══ Available data
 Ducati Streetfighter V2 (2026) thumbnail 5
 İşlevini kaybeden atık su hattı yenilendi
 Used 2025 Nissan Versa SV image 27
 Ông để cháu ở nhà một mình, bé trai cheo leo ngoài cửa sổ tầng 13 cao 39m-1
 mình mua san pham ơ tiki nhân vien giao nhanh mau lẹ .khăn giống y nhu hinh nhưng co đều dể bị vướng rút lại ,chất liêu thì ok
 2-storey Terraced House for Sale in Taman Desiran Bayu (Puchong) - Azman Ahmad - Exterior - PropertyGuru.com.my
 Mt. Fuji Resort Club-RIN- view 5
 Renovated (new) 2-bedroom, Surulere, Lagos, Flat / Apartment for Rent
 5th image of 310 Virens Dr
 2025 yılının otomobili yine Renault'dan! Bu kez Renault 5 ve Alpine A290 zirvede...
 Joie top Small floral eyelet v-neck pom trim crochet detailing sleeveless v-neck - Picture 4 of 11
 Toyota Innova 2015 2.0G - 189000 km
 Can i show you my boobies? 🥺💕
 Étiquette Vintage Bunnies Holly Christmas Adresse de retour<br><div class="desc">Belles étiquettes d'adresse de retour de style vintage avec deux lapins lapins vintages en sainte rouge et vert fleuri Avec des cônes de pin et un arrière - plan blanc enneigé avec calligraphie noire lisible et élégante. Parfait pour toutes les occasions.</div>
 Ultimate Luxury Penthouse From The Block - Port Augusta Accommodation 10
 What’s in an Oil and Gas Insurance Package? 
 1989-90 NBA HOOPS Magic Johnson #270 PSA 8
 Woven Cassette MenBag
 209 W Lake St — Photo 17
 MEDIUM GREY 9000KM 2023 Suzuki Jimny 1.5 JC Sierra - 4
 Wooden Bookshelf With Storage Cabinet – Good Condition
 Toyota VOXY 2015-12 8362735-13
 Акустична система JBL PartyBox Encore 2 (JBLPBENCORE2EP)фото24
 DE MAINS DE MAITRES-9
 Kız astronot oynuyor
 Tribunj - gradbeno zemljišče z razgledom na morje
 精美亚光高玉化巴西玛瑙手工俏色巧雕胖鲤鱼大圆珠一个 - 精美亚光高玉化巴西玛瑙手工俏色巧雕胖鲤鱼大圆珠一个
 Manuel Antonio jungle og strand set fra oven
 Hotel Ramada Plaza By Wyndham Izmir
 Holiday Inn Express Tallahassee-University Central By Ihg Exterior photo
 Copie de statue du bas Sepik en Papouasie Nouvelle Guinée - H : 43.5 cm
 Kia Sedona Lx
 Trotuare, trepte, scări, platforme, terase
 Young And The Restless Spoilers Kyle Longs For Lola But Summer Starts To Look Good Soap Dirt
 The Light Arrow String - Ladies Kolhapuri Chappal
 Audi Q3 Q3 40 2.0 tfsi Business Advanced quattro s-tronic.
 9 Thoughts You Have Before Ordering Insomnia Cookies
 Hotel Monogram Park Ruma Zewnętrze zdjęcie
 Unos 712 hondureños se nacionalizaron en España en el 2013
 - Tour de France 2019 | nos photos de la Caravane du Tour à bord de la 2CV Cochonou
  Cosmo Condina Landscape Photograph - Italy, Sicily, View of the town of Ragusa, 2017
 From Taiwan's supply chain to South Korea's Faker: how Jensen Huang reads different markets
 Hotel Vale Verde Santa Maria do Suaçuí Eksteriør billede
════
_Work to complete_. Using the data above, transcribe the lines that run from the line with "Mt. Fuji Resort Club-RIN- view 5" to the line with "Étiquette Vintage Bunnies", both ends kept, and output nothing else.

_Answer area_.
 Mt. Fuji Resort Club-RIN- view 5
 Renovated (new) 2-bedroom, Surulere, Lagos, Flat / Apartment for Rent
 5th image of 310 Virens Dr
 2025 yılının otomobili yine Renault'dan! Bu kez Renault 5 ve Alpine A290 zirvede...
 Joie top Small floral eyelet v-neck pom trim crochet detailing sleeveless v-neck - Picture 4 of 11
 Toyota Innova 2015 2.0G - 189000 km
 Can i show you my boobies? 🥺💕
 Étiquette Vintage Bunnies Holly Christmas Adresse de retour<br><div class="desc">Belles étiquettes d'adresse de retour de style vintage avec deux lapins lapins vintages en sainte rouge et vert fleuri Avec des cônes de pin et un arrière - plan blanc enneigé avec calligraphie noire lisible et élégante. Parfait pour toutes les occasions.</div>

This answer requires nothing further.